Exercise aim:
Beneath this line is the data. Output exactly the lines from the line with "1960s Floral Carpet Handbag Cats Like Us" to the line with "Alt view image", both ends included, and nothing more.

Study material:
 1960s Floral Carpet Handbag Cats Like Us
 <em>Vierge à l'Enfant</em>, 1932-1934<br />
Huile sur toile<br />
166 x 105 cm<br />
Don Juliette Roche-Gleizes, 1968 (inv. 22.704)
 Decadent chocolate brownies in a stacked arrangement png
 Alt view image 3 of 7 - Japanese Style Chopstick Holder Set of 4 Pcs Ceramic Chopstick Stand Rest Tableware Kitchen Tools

--

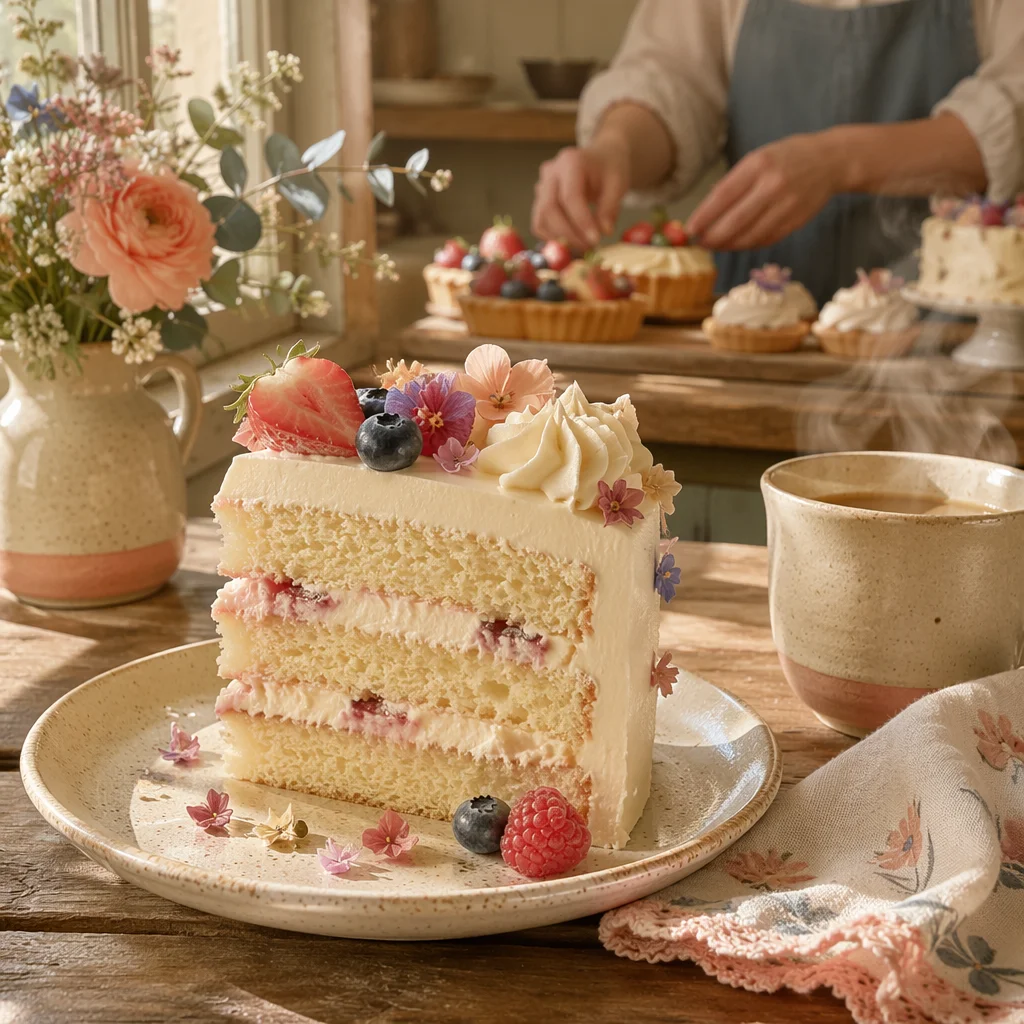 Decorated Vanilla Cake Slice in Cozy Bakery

---

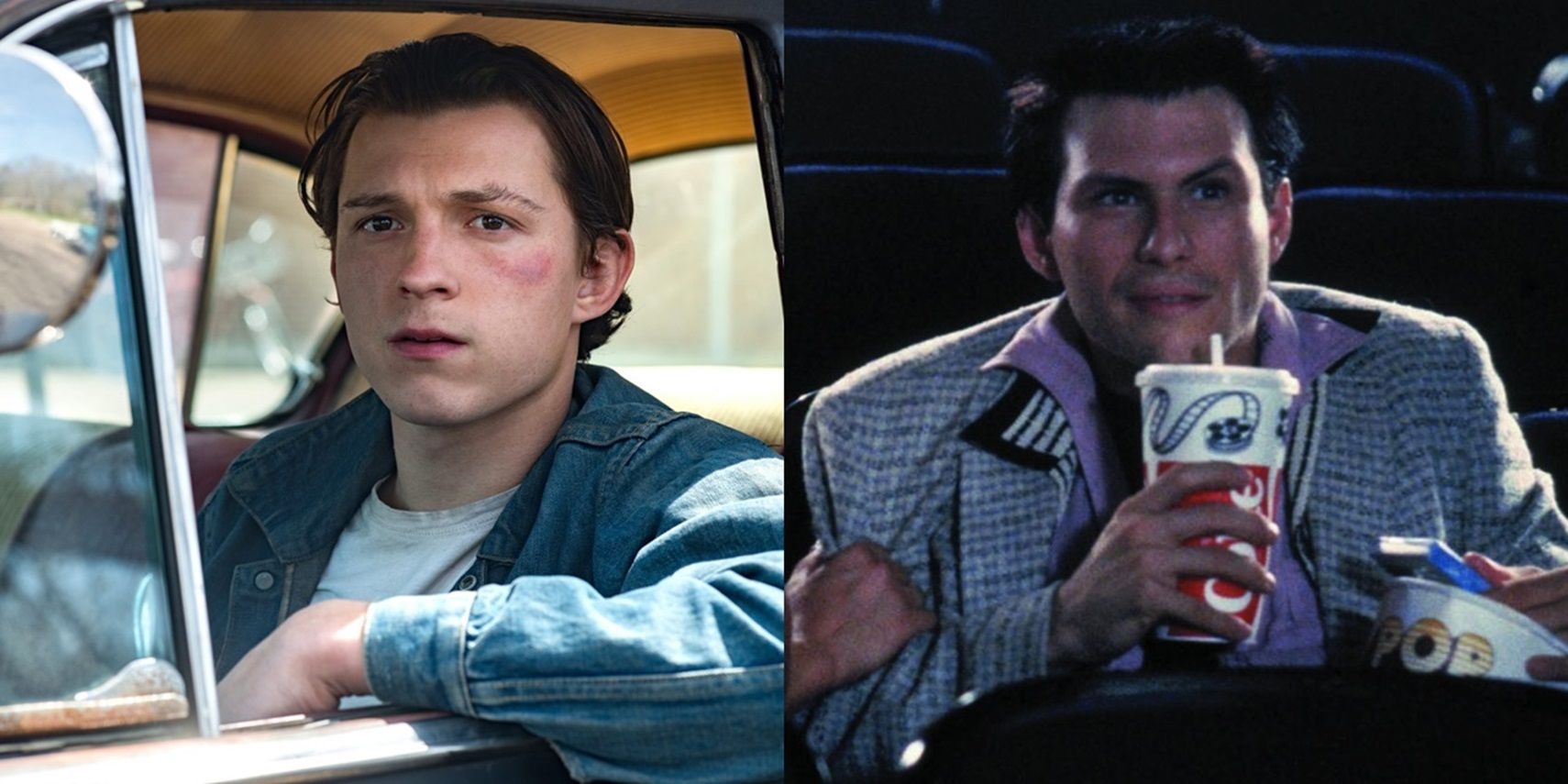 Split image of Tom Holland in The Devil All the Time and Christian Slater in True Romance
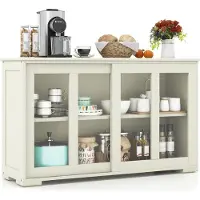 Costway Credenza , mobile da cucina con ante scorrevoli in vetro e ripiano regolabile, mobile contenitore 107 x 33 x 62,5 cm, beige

Written solution:
 1960s Floral Carpet Handbag Cats Like Us
 <em>Vierge à l'Enfant</em>, 1932-1934<br />
Huile sur toile<br />
166 x 105 cm<br />
Don Juliette Roche-Gleizes, 1968 (inv. 22.704)
 Decadent chocolate brownies in a stacked arrangement png
 Alt view image 3 of 7 - Japanese Style Chopstick Holder Set of 4 Pcs Ceramic Chopstick Stand Rest Tableware Kitchen Tools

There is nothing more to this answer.